Calculation

AlexNet with TensorFlow

Updated at

2024.3.9

Created at

2017.4.21

AlexNet, which showed an astounding increase in the percentage of correct answers in ImageNet Large Scale Recognition Competition 2012 and started the current deep learning trend.

I read the paper and implemented it for study.

Paper

ImageNet Classification with Deep Convolutional Neural Networks

Overview of AlexNet

Structure of layer

Roughly, it has an input layer, 5 convolution layers, and 3 fully-connected layers.

The input size is 224×224 and the output is a 1×1000 matrix.

A 224x224 image is input to convolution layer 1 through a convolution filter of size 11x11 and stride width 4, and is input to convolution layer 1 at 56x56. Between convolution layers 1 and 2, 2 and 3, and 5 and fully-connected layer 1, a maximum-value pooling process is performed, and the final size is reduced to 7x7.

The number of kernel layers is 256 when the fifth convolutional layer is reached. After three fully-connected layers, the final output is a pseudo-probability with a softmax function.

Other AlexNet innovations include the use of normalized images from the previous layer's output (groups) as input for convolution layers 1 and 2 to eliminate image luminance bias, and dropouts in fully-connected layers 1 and 2 to prevent overfitting.

Implementation

sample.py

# -*- coding: utf-8 -*-
import os
import cv2
import math
import numpy as np
import tensorflow as tf

NUM_CLASSES = 1000
IMAGE_SIZE = 224
IMAGE_PIXELS = IMAGE_SIZE * IMAGE_SIZE * 3

flags = tf.app.flags
FLAGS = flags.FLAGS
flags.DEFINE_string('log_dir', 'log', 'Directory to save tensorboard logs')
flags.DEFINE_integer('max_steps', 1000, 'Number of steps to run trainer.')
flags.DEFINE_integer('batch_size', 10, 'Must divide evenly into the dataset sizes.')
flags.DEFINE_float('learning_rate', 1e-2, 'Initial learning rate.')
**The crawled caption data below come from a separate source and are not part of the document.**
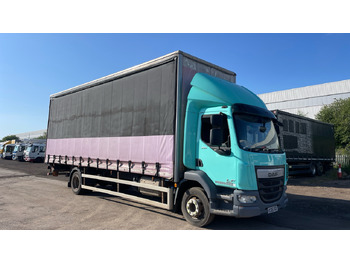 Caminhão com lona DAF LF 210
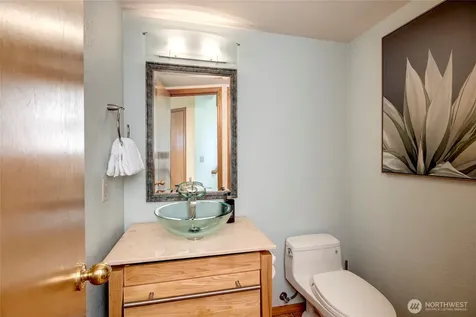 910 6th Place S Kirkland WA 98033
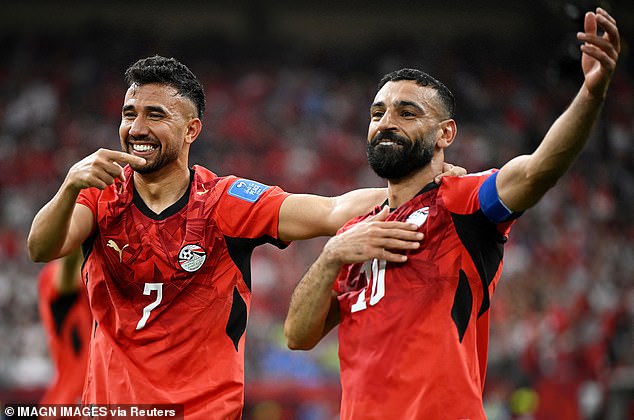 Mohamed Salah (vpravo) oslavuje s druhým strelcom Trezeguetom nedeľňajšie víťazstvo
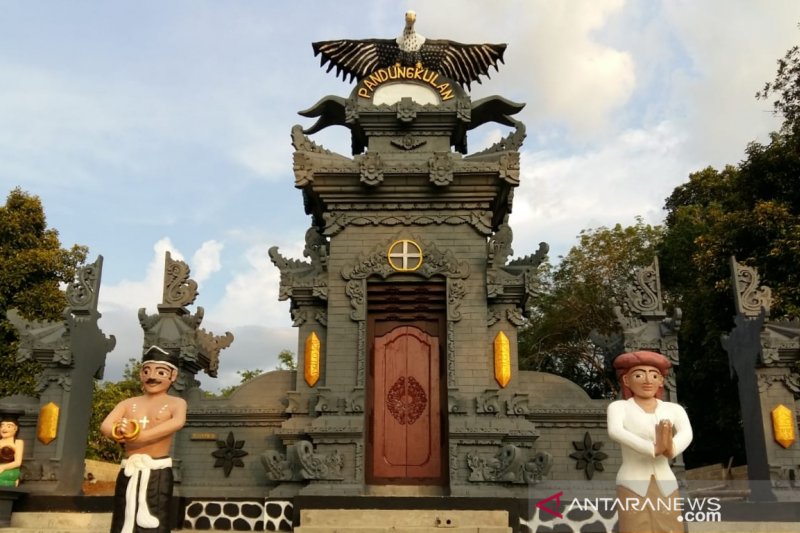 Detail Gambar Tempat Suci Hindu Etnis Dayak Nomer 4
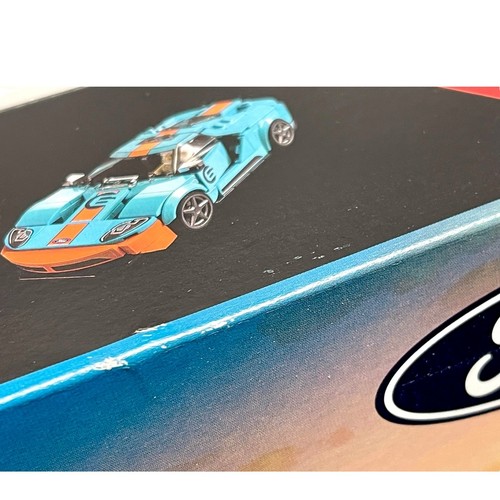 LEGO SPEED CHAMPIONS: Ford GT Heritage Edition and Bronco R (76905) - Picture 5 of 9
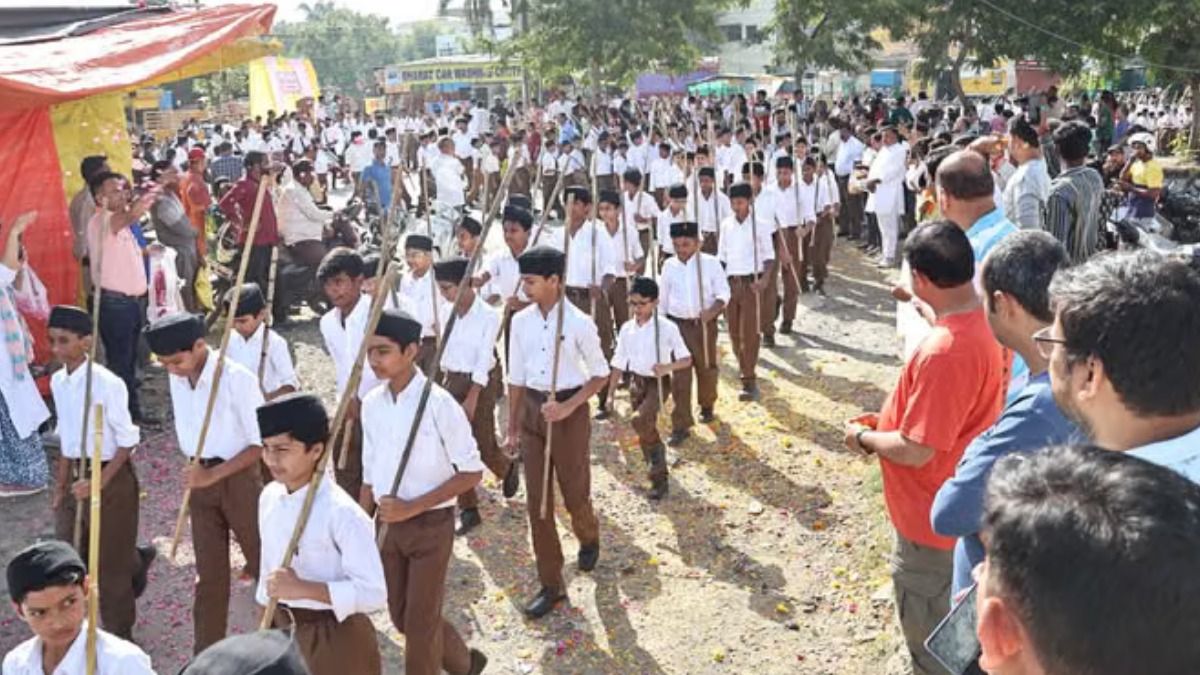 सड़कों पर कदमताल करते नजर आए 20 हजार बाल स्वयंसेवक, Indore में आयोजित हुआ RSS का 90 किलोमीटर लंबा पथ संचलन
def inference(images_placeholder, keep_prob):
  def weight_variable(shape, num):
    initial = tf.truncated_normal(shape, stddev=1.0 / math.sqrt(float(num)))
    return(tf.Variable(initial).initialized_value())

  def bias_variable(shape):
    initial = tf.zeros(shape)
    return(tf.Variable(initial).initialized_value())

  def conv2d(x, W):
    return(tf.nn.conv2d(x, W, strides=[1, 1, 1, 1], padding='SAME'))

  def max_pool_3x3(x):
    return(tf.nn.max_pool(x, ksize=[1, 3, 3, 1], strides=[1, 2, 2, 1], padding='SAME'))

  x_image = tf.reshape(images_placeholder, [-1, IMAGE_SIZE, IMAGE_SIZE, 3])

  with tf.name_scope('conv1') as scope:
    W_conv1 = weight_variable([11, 11, 3, 96], IMAGE_SIZE * IMAGE_SIZE)
    b_conv1 = bias_variable([96])
    h_conv1 = tf.nn.relu(tf.nn.conv2d(x_image, W_conv1, strides=[1, 4, 4, 1], padding='SAME') + b_conv1)

  with tf.name_scope('pool1') as scope:
    h_pool1 = max_pool_3x3(tf.nn.local_response_normalization(h_conv1))

  with tf.name_scope('conv2') as scope:
    W_conv2 = weight_variable([5, 5, 96, 256], 96)
    b_conv2 = bias_variable([256])
    h_conv2 = tf.nn.relu(conv2d(h_pool1, W_conv2) + b_conv2)

  with tf.name_scope('pool2') as scope:
    h_pool2 = max_pool_3x3(tf.nn.local_response_normalization(h_conv2))

  with tf.name_scope('conv3') as scope:
    W_conv3 = weight_variable([3, 3, 256, 384], 256)
    b_conv3 = bias_variable([384])
    h_conv3 = tf.nn.relu(conv2d(h_pool2, W_conv3) + b_conv3)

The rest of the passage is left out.